Comparison to Canadian Jurisdiction
In R v. Karigar 2017 ONCA 576, the Ontario Court of Appeal considered the statutory construction of the offence of agreeing to offer a bribe to a foreign public official, contrary to s. 3(1)(b) of the Corruption of Foreign Public Officials Act, SC 1998. The court held that agreeing to pay a bribe, as distinct from actually executing payment, was sufficient to establish the offence. Karigar paid no bribes and had not himself reached agreement with any person agreeing to receive bribes. Rather, he was part of an agreement with others to bribe Indian officials to secure a multi-million-dollar contract with Air India. This is consistent with s. 6 of the UKBA, where it does not matter whether the offer, promise or gift is made directly to the official or through a third party. There is no limiting language under either statute as to who must “agree”. There is the requirement that some public official stands to receive the loan, reward, advantage or benefit.

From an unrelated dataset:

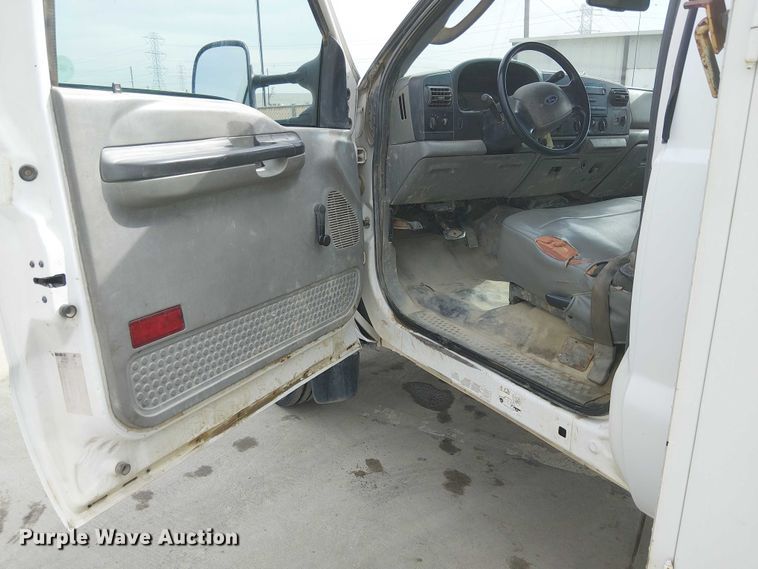 image for item EC1331 2006 Ford F450 Super Duty utility / service truck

The Court also reaffirmed the territorial jurisdiction test in R v Libman – a “real and substantial connection” between the activity giving rise to the offence and Canada. So, the fact that New York based individuals controlled the finances and made the decision to pay the bribes and the fact that many of the dealings occurred in India did not prevent the Canadian court from exercising jurisdiction. Karigar was Canadian and had approached Cryptometrics Canada Inc (who stood to gain from the corruption) with a business proposal which ultimately involved a bribery scheme, then negotiated with Air India officials as an agent.
Of course, jurisdiction is also now extended, from June 2013, by Bill S-14, which broadens jurisdiction based on the Canadian nationality or the permanent residency of the person committing the offence. Prosecution of Canadian citizens, permanent residents and companies regardless of where the activity took place can occur by virtue of this nationality jurisdiction test. However, as with the UK, the Canadian bribery offence is not subject to a limitation period and so Karigar will still be of relevance to conduct prior to June 2013. Further, the real and substantial test will continue to apply to non-Canadian individuals and companies.
The Ontario Court of Appeal therefore underlined a commitment to try corrupt activity which substantially involves or benefits Canadians. However, Canadian jurisdictional reach is still not as wide as that of the UK. The Skansen case is a clear signal that UK prosecutors are keen to take s.7 UKBA cases to trial. That attitude, combined with the nature of the offence itself and the wider reach of UK courts to corporates beyond its shores, is like a warning shot from one the Belfast’s 6-inch guns, to all non-domiciled companies who carry on part of their business activities there.